Prove that
1-sin^2X/1+cotX - cos^2X/1+tanX = sinXcosX
Much thanks in advance.
Hello, ahling!
We have: .$\displaystyle 1 - \frac{\sin^2\!x}{1 + \dfrac{\cos x}{\sin x}} - \frac{\cos^2\!x}{1 + \dfrac{\sin x}{\cos x}}$Prove that: .$\displaystyle 1 - \frac{\sin^2\!x}{1 + \cot x}- \frac{\cos^2\!x}{1 + \tan x} \:=\:\sin x\cos x$
Multiply the first fraction by $\displaystyle \frac{\sin x}{\sin x}$ , the second by $\displaystyle \frac{\cos x}{\cos x}$
. . $\displaystyle 1 - \frac{\sin^3\!x}{\sin x + \cos x} - \frac{\cos^3\!x}{\cos x + \sin x} \;\;=\;\;1 - \frac{sin^3\!x + \cos^3\!x}{\sin x + \cos x}$
. . $\displaystyle = \;\;1 - \frac{(\sin x + \cos x)(\sin^2\!x - \sin x\cos x + \cos^2\!x)}{\sin x + \cos x}$
. . $\displaystyle = \;\;1 - (\underbrace{\sin^2\!x + \cos^2\!x}_{\text{This is 1}} - \sin x\cos x) \;\;=\;\;1 - (1 - \sin x\cos x)$
. . $\displaystyle = \;\sin x\cos x$ . . . ta-DAA!
And LateX is working !!
I have a little trouble believing that, but let's go with it...

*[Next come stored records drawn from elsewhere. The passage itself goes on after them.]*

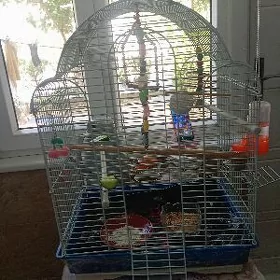 Клетка для попугаев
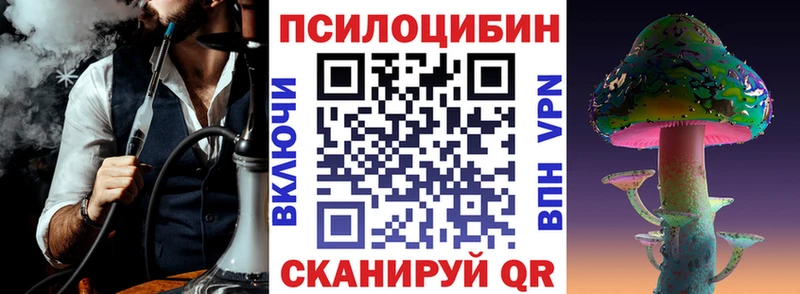 Псилоцибиновые грибы Cubensis  Мосальск 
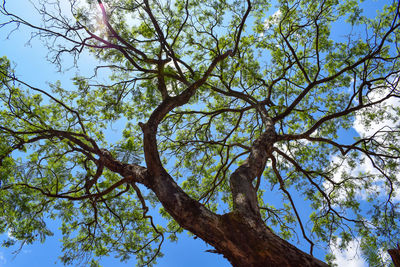 Low angle view of tree against clear blue sky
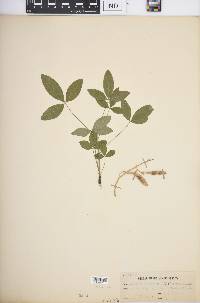 Laburnum vulgare image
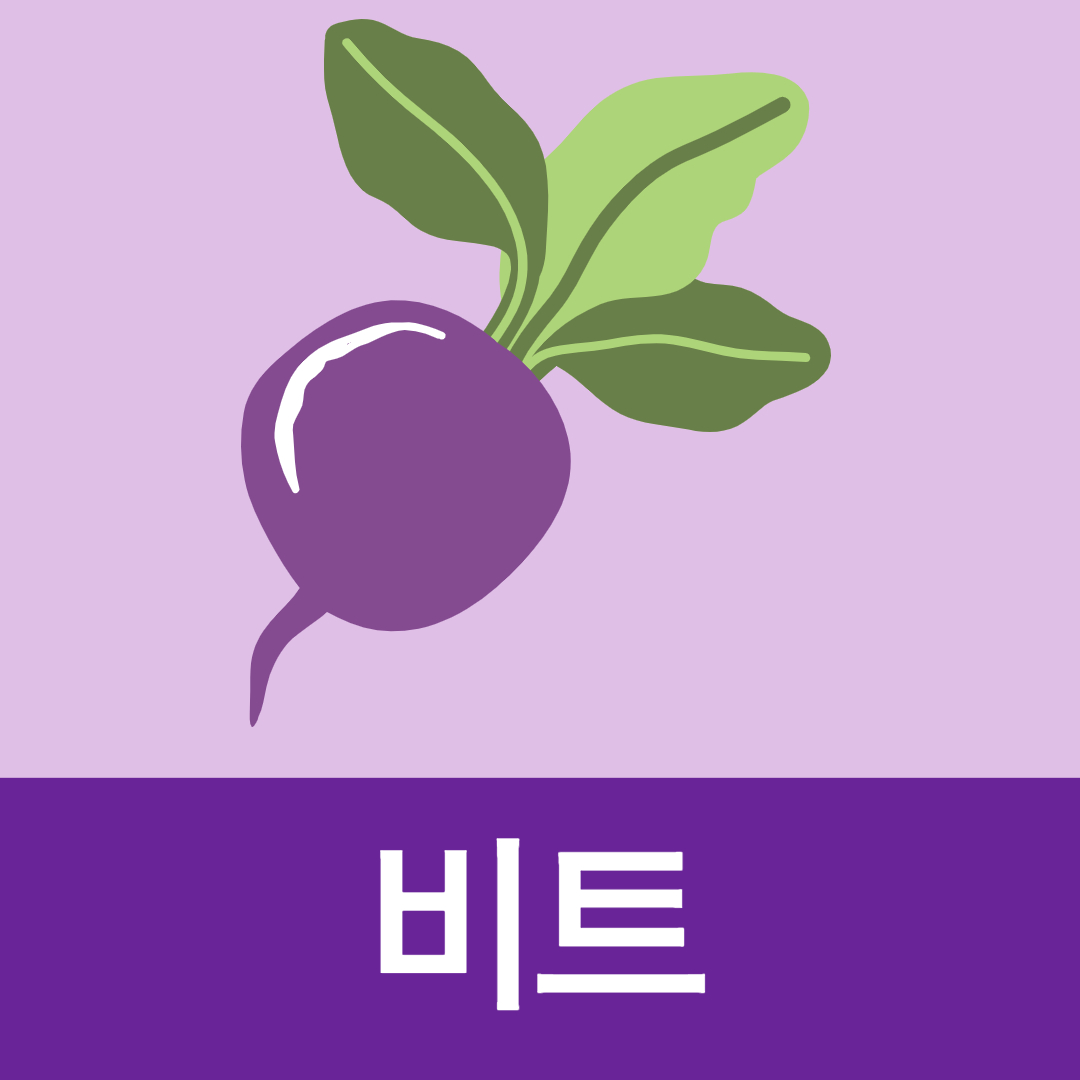 비트 효능 부작용 beet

1-sin^2X/1+cotX - cos^2X/1+tanX = sinXcosX
The "/1" are meaningless in this form, so...
1-sin^2X+cotX - cos^2X+tanX = sinXcosX
1-sin^2X = cos^2X <== Identity to Substitute
cos^2X+cotX - cos^2X+tanX = sinXcosX
cotX+tanX = sinXcosX
Since cotX = (cosX)/(sinX) and tanX = (sinX)/(cosX)
And Since cos^2X + sin^2X = 1
1/(sinXcosX) = sinXcosX
I think you would have a hard time selling that as an identity.

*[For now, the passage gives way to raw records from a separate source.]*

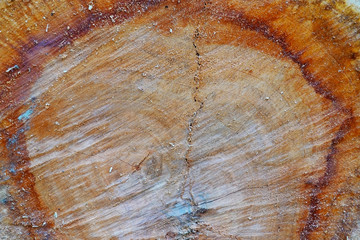 Cross-section of a tree for background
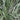 Phalaris arundinacea var picta (Gardener's garters) - Marginal Pond Plants - BP093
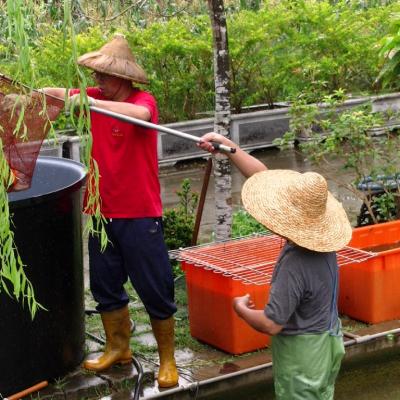 撈捕並分類魚群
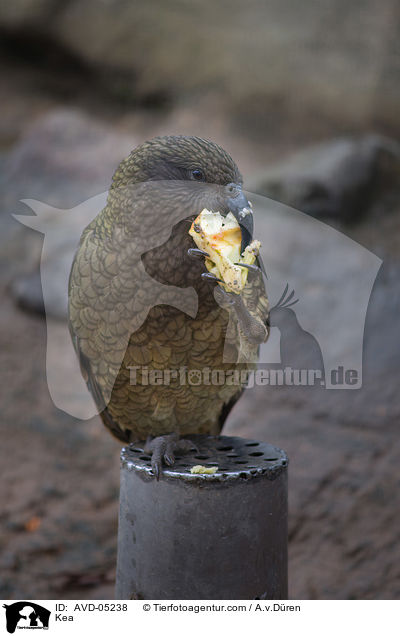 Kea / Kea / AVD-05238
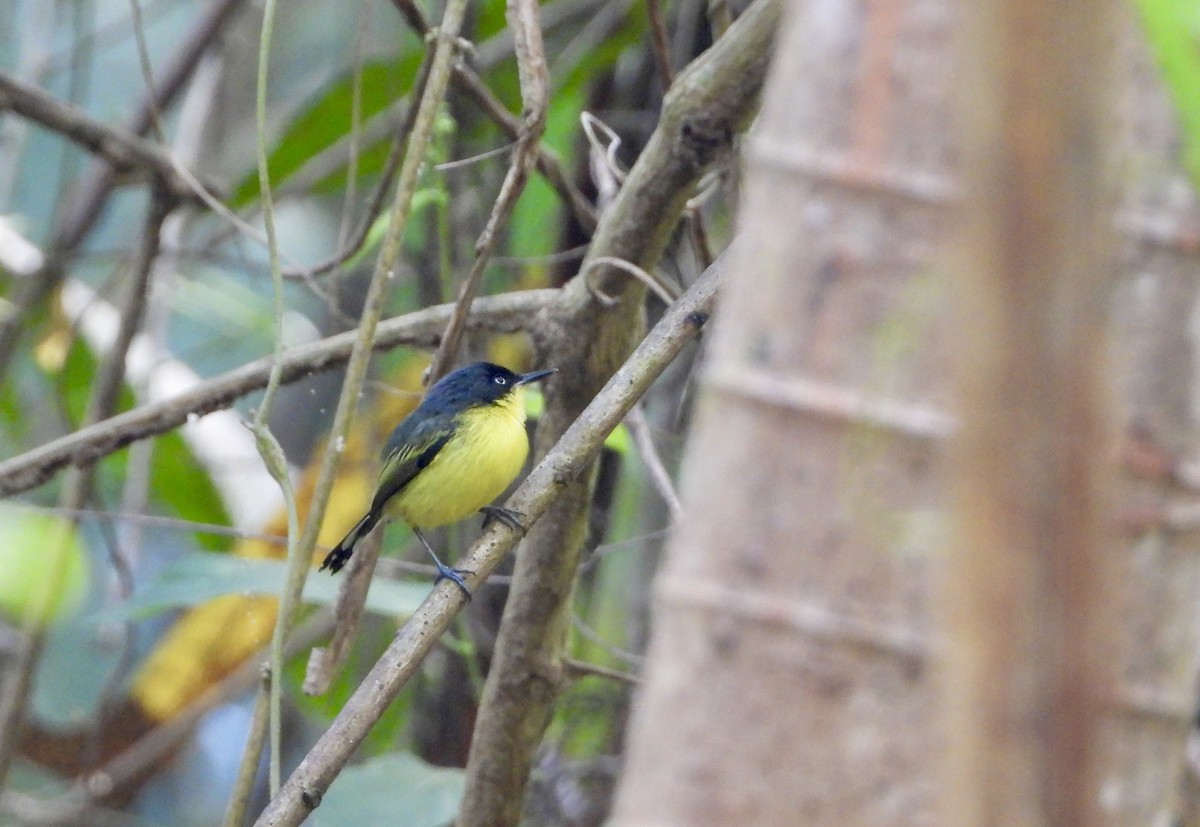 ハシナガタイランチョウ - ML646964541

Note: I would do this on an exam. It is technically correct, but may have points taken off for being a smart aleck. I would also rewrite it as it probably is intended and work it that way. This may avoid the smart aleck points. Don't put up with sloppy notation. Certainly don't write any yourself. Everyone needs reminders to be clear - particularly if they want to be understood generally.
LaTeX Check: $\displaystyle \cos^{2}(x) + \sin^{2}(x) = 1$